As a conservative Christian, I am perplexed that my fellow CC's are making the Happy Holidays thing an issue. For years we've been decrying the commercialization of the Christmas holiday (even while abetting it). But now that retailers and others have obliged us by using generic greetings, many of my evangelical colleagues are demanding that Jesus' name reassociated with gluttony. I'm just not getting it.

As long as no one is arresting or suing me for saying Merry Christmas, I'm content with that. How someone else chooses to greet me, or entice me to buy their stuff, is up to them.

By the way, gruntled, I'm a Centre grad from a ways back. Go Colonels!

Gruntled said...

I count on the far-flung network of Colonels to keep me informed of developing events. I knew that Eid was in December this year, but didn't know it had a stamp already. Ramadan is, I believe, on the lunar calendar, though, and cycles through the year, so it won't always be so conveniently situated in December.
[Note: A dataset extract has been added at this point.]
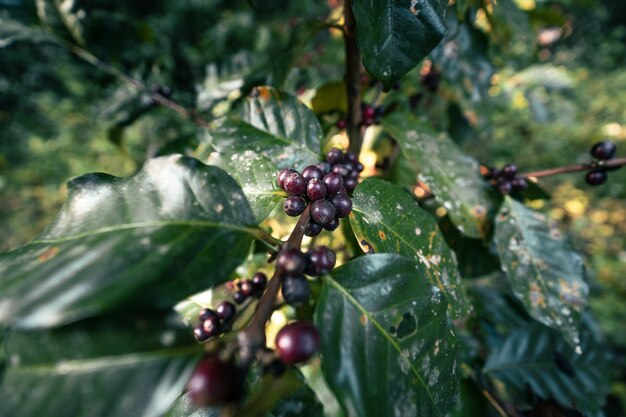 Café arabica mûr rouge sous la canopée des arbres dans la forêt, café cueillette à la main de l'agriculture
But for the near future that will be so, which coincides with the first time in American history when we have really taken American Muslims seriously.

And I agree entirely with Samoabob that Christians fussing trying to have it both ways on commercial Christmas is unseemly.

Anonymous said...

The "war on Christmas" is mostly an excuse for grumpy folks to play Scrooge. They can go on for hours and hours over something they heard on O'Reilly. It's a wonderful way for that type to spoil it for everybody.

Gruntled said...

Amen.

Anonymous said...

Christmas is abbreviated from Christ Mass....As a Protestant believer (who is still 'protesting'!) I do not celebrate Christ Mass or any other mass (only the Lord's Supper).

Holiday is abbreviated from holy days....I just tell folks Happy Holy Days--if the day isn't holy to them it's ok. I try to make each day as holy as the next.

And as to the time of year any & all of this is celebrated...according to those that know much more than I on the subject Yeshua of Nazareth was probably born in the spring as that is the time of the 'lambing' when the "shepherds (as in plural!) were in the fields keeping watch over their flocks by night". Any other time of year usually a shepherd (singular) could watch by himself (think young King David alone in the fields!).

And as to birthday celebrations....at the time of Yeshua of Nazareth only Kings celebrated their birthdays (cause they could afford a celebration maye?)....the average person celebrated 'death days' (much as I guess I still gage time by when my daddy died 20 yrs. ago)...

Yeshua of Nazareth identified with the common man...He came in the form of the Lamb of God...the good Shepherd at most....

HE told HIS disciples to celebrate HIS death! To partake of the'Last Supper'---"This do in remembrance of me."

We sure do get things all turned around & befuddled, don't we?